Mustang 1968 - Dick Trickle, Rei das "Short Track"


Lançado em 1964, o Mustang fazia sucesso na América, e logo em 1968, a lista de motores cresceu para um V8 Cobra Jet de 428 cid (7 litros) do Cobra roadster com 425 hp, mas amansado para 335 hp; e Carrol Shelby fez um upgrade no GT350 para um GT 500, e depois para o GT 500 KR (“King of the Road” -  Rei da Estrada); e mesmo com novos concorrentes, o GT 350 venceu novamente o Trans-Am Manufacturers Cup; além de ganhar o bi-campeonato do SCCA B-Production também pela segunda vez.

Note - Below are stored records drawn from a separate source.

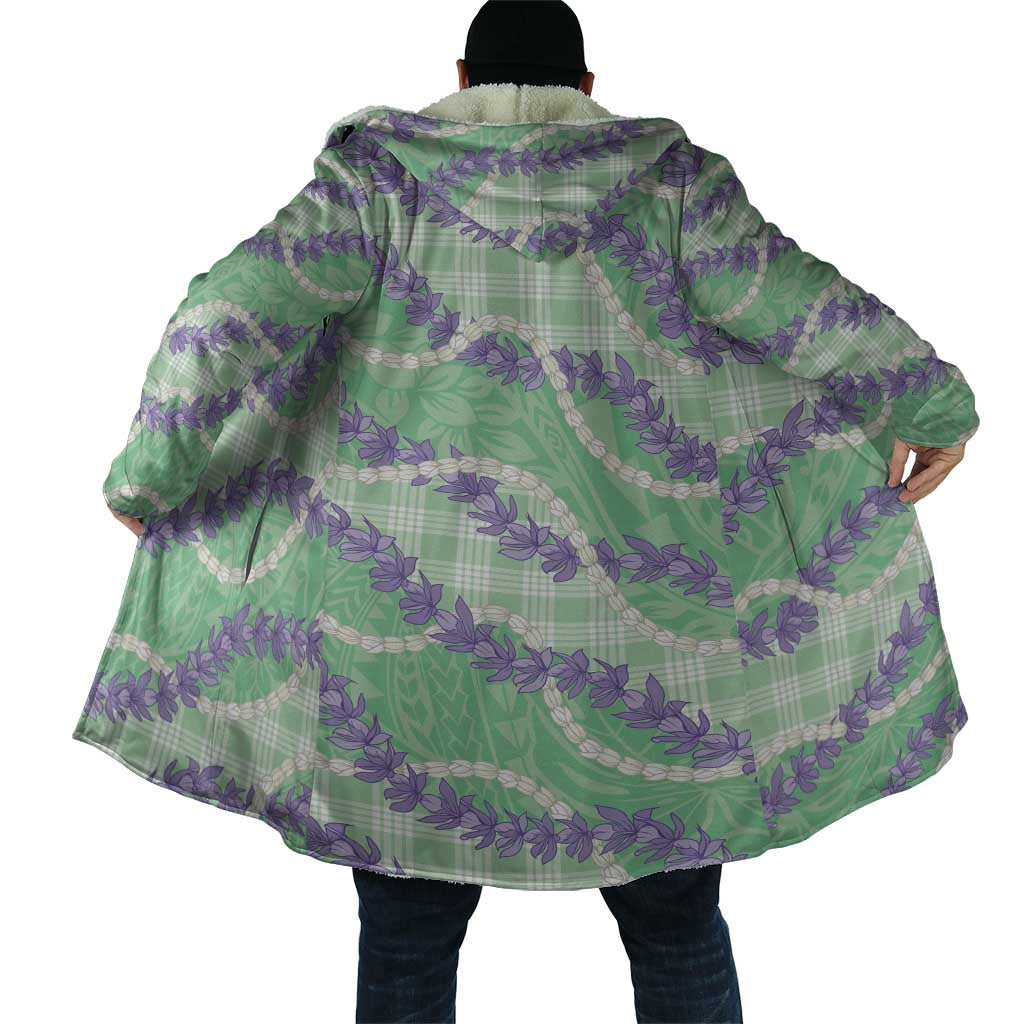 Pastel Green Hawaii Palaka Honohono Pikake Cloak Hawaiian Orchid Lei Polynesian Pattern - Polynesian Pride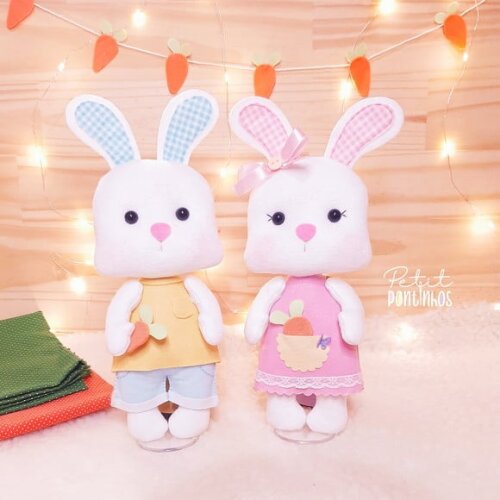 Kit Casal de Coelhos (2 Peças) 26cm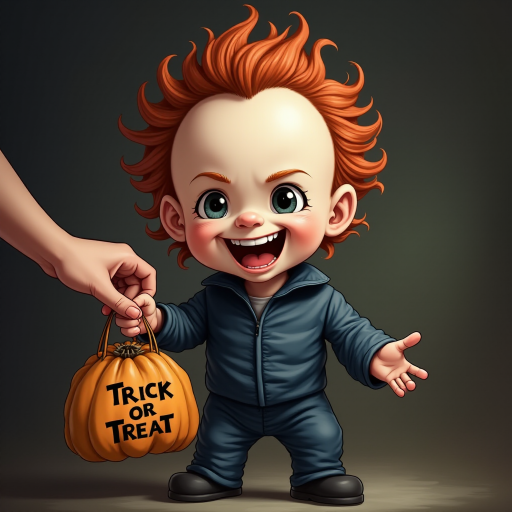 A whimsical caricature of a child version of Michael Myers, grinning mischievously. He is held by the hand of an unrecognizable person (only their hand visible), while holding a bag labeled "Trick or Treat" His facial expression is playful yet slightly menacing, reflecting his iconic figure. The scene is in portrait format with a Halloween theme, featuring exaggerated cartoon details like big eyes, a small body, and a creepy yet light-hearted tone.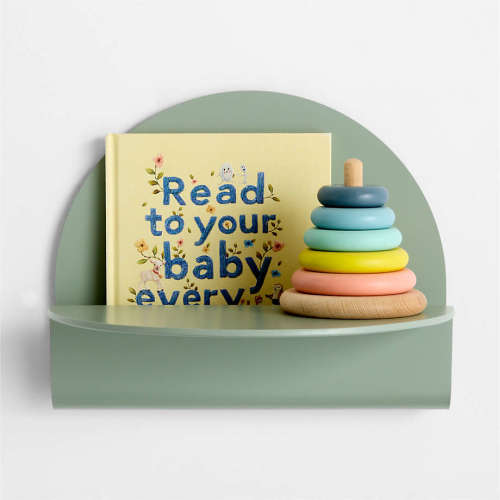 Outline Sage Green Round Metal Kids Wall Shelf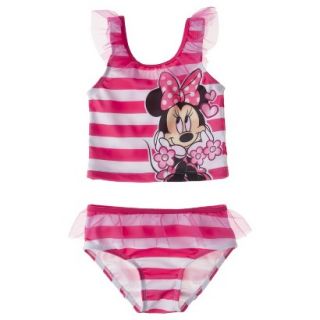 Disney Minnie Mouse Infant Toddler Girls 2 Piece Tankini Swimsuit Set   Pink 4T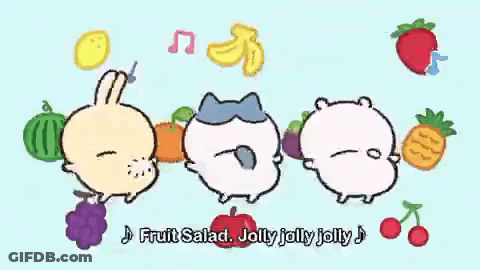 Three Cartoon Characters Are Standing Next To Each Other With The Words " Fruit Salad Jolly Jolly Jolly " Written Below GIF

Sobre a potência do Mustang GT500 KR, muitos alegavam que o valor declarado era menor do que a real, por causa das companhias de seguro, e calculavam que ele teria cerca de 400 hp. O KR fazia de 0-60 mph em 6,9 segundo e o quarto-de-milha em 14,6 segundos.

Mustang Shelby GT500, 1968

Com o sucesso do Camaro Z/28 na categoria de 5,0 L na Série Trans-Am da SCCA desde 1967, e o Mustang com o motor Small-Block de 289 cid (4,7 L) e o de 390 cid (6,4 L) não se mostravam à altura dos carros da Chevrolet nas classes acima de 2,0 L (Trans-Am) e até 7,0 litros (NASCAR). Então, a Ford respondeu com o Mustang Boss em 1969 e 1970, equipado com o motor de 302 cid (4,9 L) e o Big-Block de 429 cid (7,0 L).

O V8 de 302 cid que equipava os Mustang Boss era bem diferente dos 302 padrões de linha. O small-block tinha paredes entre os cilindros mais fina e o bloco com muito mais teor de níquel. O motor V8 de 302 cid (4,9 litros) gerava 290 hp, e eliminou os anteriores 289 cid a partir de dezembro de 1967. O virabrequim era roletado de quatro mancais, cabeçotes com válvulas inclinadas, que podiam ser maiores do que as utilizadas no 351 Cleveland.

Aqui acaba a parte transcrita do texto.